Старуха глубоко вздохнула и еще раз перекрестилась.
— Грехи, грехи!
Она встала с лавки, надела полушубок, накинула на голову платок и увязала его концы за спиной, вынула из печурки сушившиеся там рукавицы.
— Пойти по хозяйству распорядиться. Да и место опростать. Видать, разговор с Михайлой промеж четырех глаз вести хочешь.
— Непростая у нас Елена Дмитриевна, — сказал, усмехаясь, Михайло, когда старуха вышла за дверь. — Знахарка. И травы как понимает. Другие одну-две травы всего знают. А бабка-то…
И Михайло указал на стену, увешанную связками тысячелистника, чернобыльника, горького трилистника, многомлечника, мать-и-мачехи, булдырьяна[79].
— Иного травой лечит, а другому слово просто скажет — легчает. И не то, что заговор нашепчет. Нет. Просто поговорит, тот за ум и возьмется.

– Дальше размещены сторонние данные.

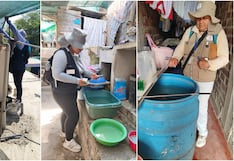 Palpa: refuerzan acciones de prevención y control del dengue en Chipiona y Las Casuarinas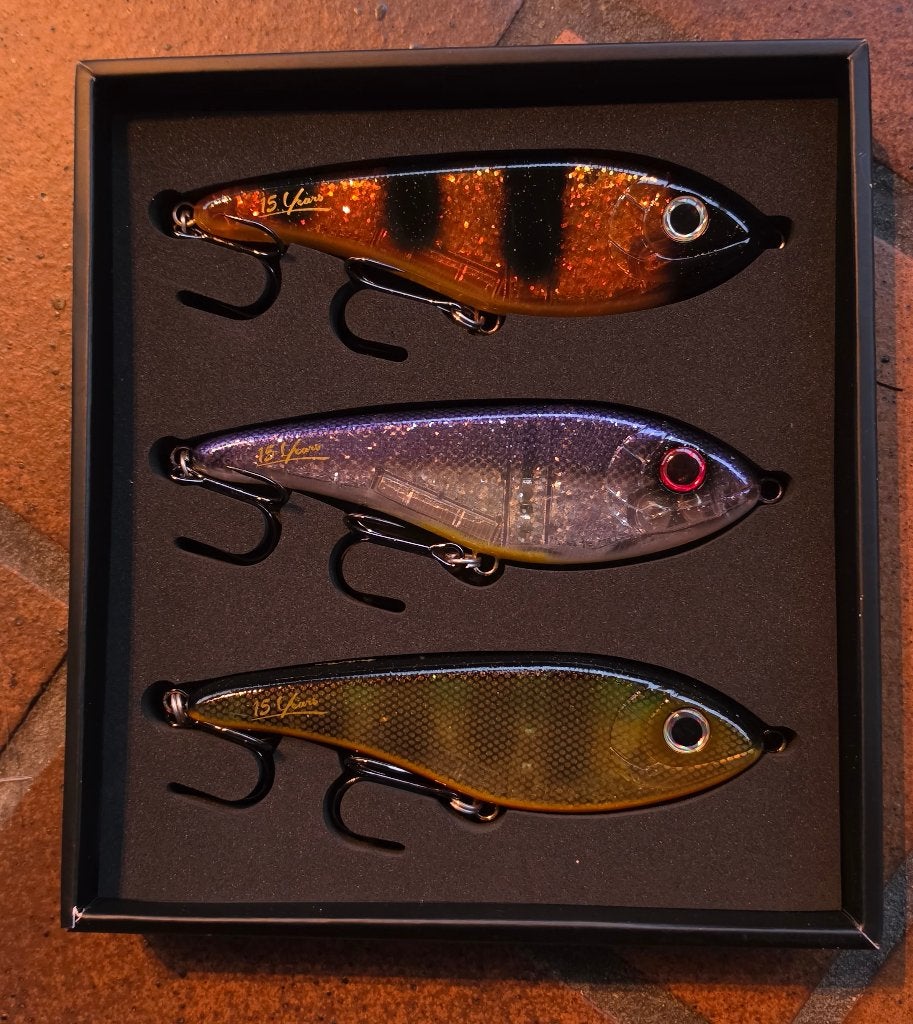 Limited Edition Buster Jerk (15-years Anniversary), Watersport en Boten, Ophalen of Verzenden, Nieuw, Overige typen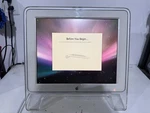 Apple Studio Display 17" Lcd M7649 (vintage, 2001). Fixed Price $149.99.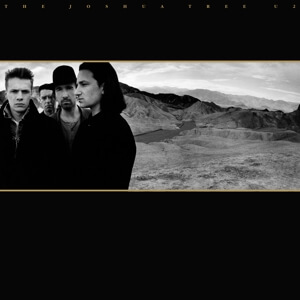 U2 - The Joshua Tree - CD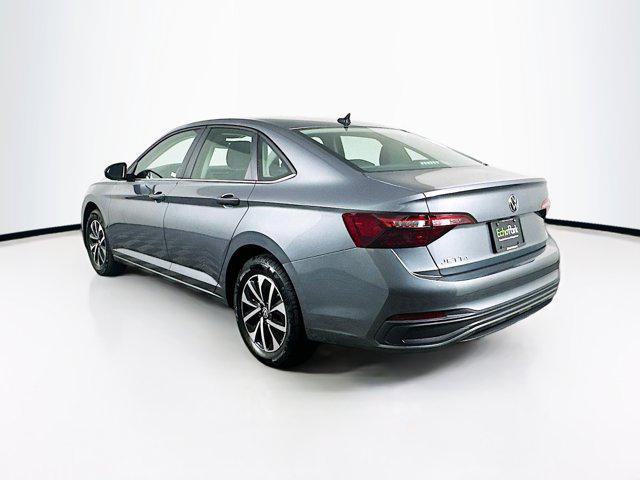 used 2023 Volkswagen Jetta car, priced at $18,298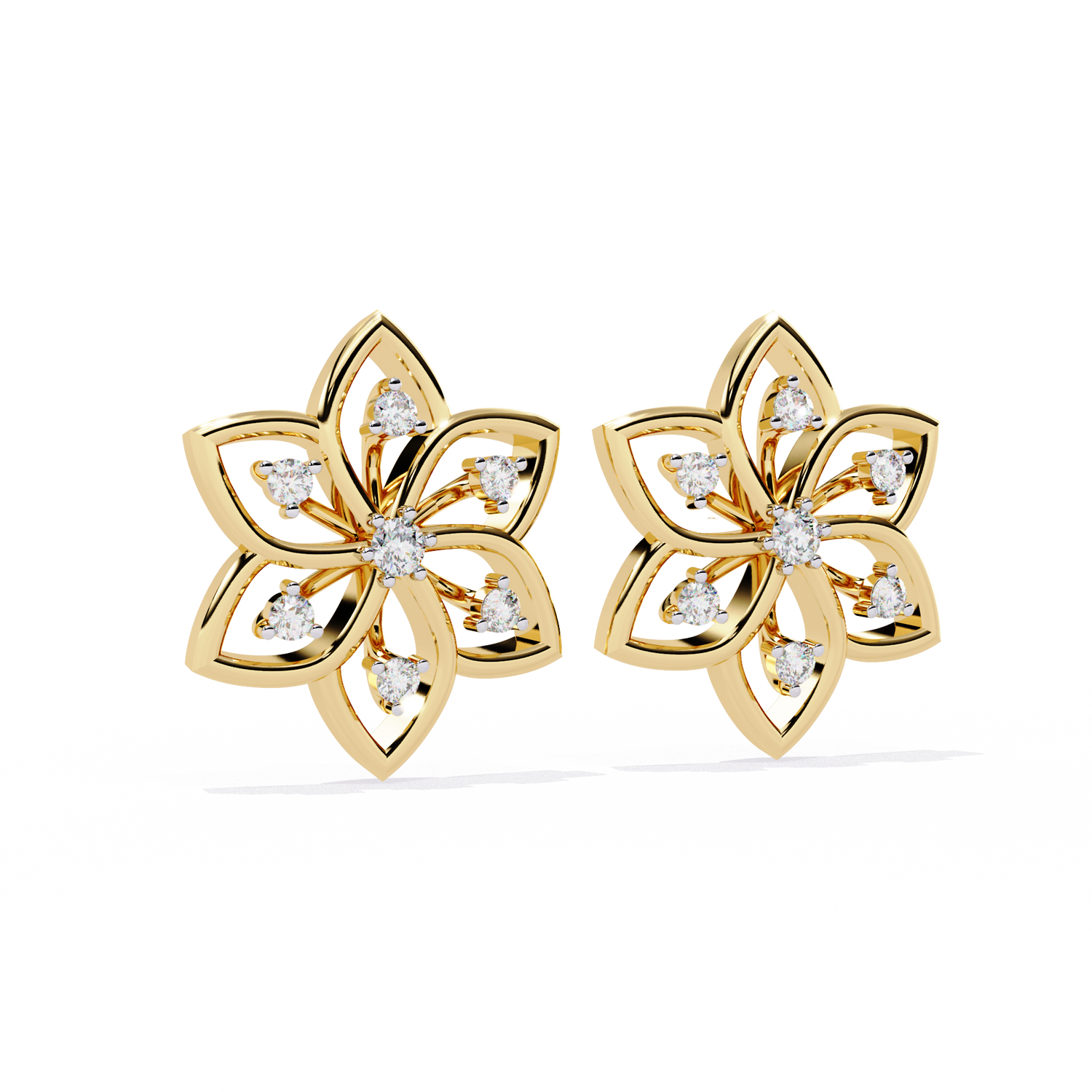 Evianna Diamond Earring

— Видит, видит, — пробормотал Каргопольский. — Иное не так трудно увидеть. Ну вот, Михайло Ломоносов, давай-ка потолкуем. Слыхал, значит, я про тебя. Рассказывали. Да и ты, верно, про меня слыхал?
— Да.
— Вот и прийти бы тебе ко мне.
— Собирался да все думал: как примете?
— Уж принял бы. Значит, ты у дьякона книгу Альваруса хотел добыть?
— Да.
— И что?
— Не дал дьякон. Полтина у меня всего денег. А ему мало. Ну, и стал он проповедь читать: крестьянский сын, в науки вступать тебе не должно, смирись.
— Ты и осерчал?
— Как не осерчать.
— На сердитых воду возят. Сердиться можно, только по злобе дела оставлять не надо.
Каргопольский глубоко вздохнул.
— И в обиде утешения не ищи.
Он встал из-за стола и пошел в угол, где на сундуке лежали книги. Взяв небольшую, но довольно толстую книгу в желтом кожаном переплете, он, подойдя к столу, отдал ее Ломоносову.